Dianggap Sebagai Kejahatan Serius, DPR Minta Polisi Tangkap Produsen dan Pengedar Oli Palsu Tanpa Pandang Bulu
Jakarta – Anggota Komisi III DPR RI, M Nasir Djamil, meminta aparat kepolisian bertindak tegas atas keberadaan pabrik yang ditenggarai memproduksi oli palsu baik skala kecil maupun skala besar tanpa pandang bulu.
Pasalnya, kata Nasir, hal itu merupakan kejahatan serius yang bisa mengancam nyawa, khususnya pengguna kendaraan bermotor yang menggunakan oli palsu.
“Tidak ada alasan yang dapat membiarkan peredaran oli palsu, termasuk pabrik pembuatnya, karena dapat merenggut nyawa manusia,” kata Nasir Djamil, Senin (10/6/2024).
“Kenapa bisa begitu, karena ketika masyarakat menggunakan oli palsu, hal itu dapat membuat kendaraannya tiba-tiba rusak dalam perjalanan dan bisa terjadi keecelakaan,” sambung Nasir.
Politisi PKS ini menjelaskan, keberadaan oli palsu bisa disamakan dengan bisnis narkoba. Karena selain mengancam nyawa dan jadi bisnis yang mengasilkan keuntungan besar, ternyata juga kerap dibackingi orang-orang “kuat”.

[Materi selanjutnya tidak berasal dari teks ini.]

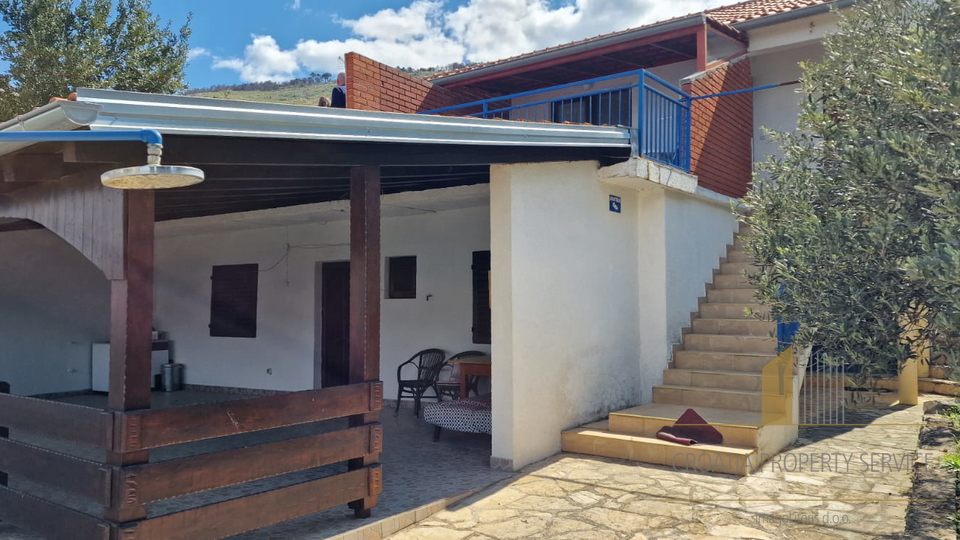 Apartmentsgebäude mit großem Potenzial – Grebaštica, Šibenik!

“Jadi baik pengedar dan produsen oli palsu serta orang yang membackingi harus diberantas tanpa pandang bulu. Seperti halnya memberantas narkoba,” pungkasnya.
Sebagaimana diberitakan sebelumnya, Polda Banten menangkap pemilik gudang produksi oli palsu skala rumahan di sebuah ruko kawasan Panongan dan Citra Raya. Namun hal ini dinilai belum memenuhi rasa keadilan.
Pasalnya, pabrik oli palsu skala besar da beromset ratusan miliar masih bebas beroperasi di wilayah Tangerang
Foto : ilustrasi unjuk rasa oli palsu . (foto : ist)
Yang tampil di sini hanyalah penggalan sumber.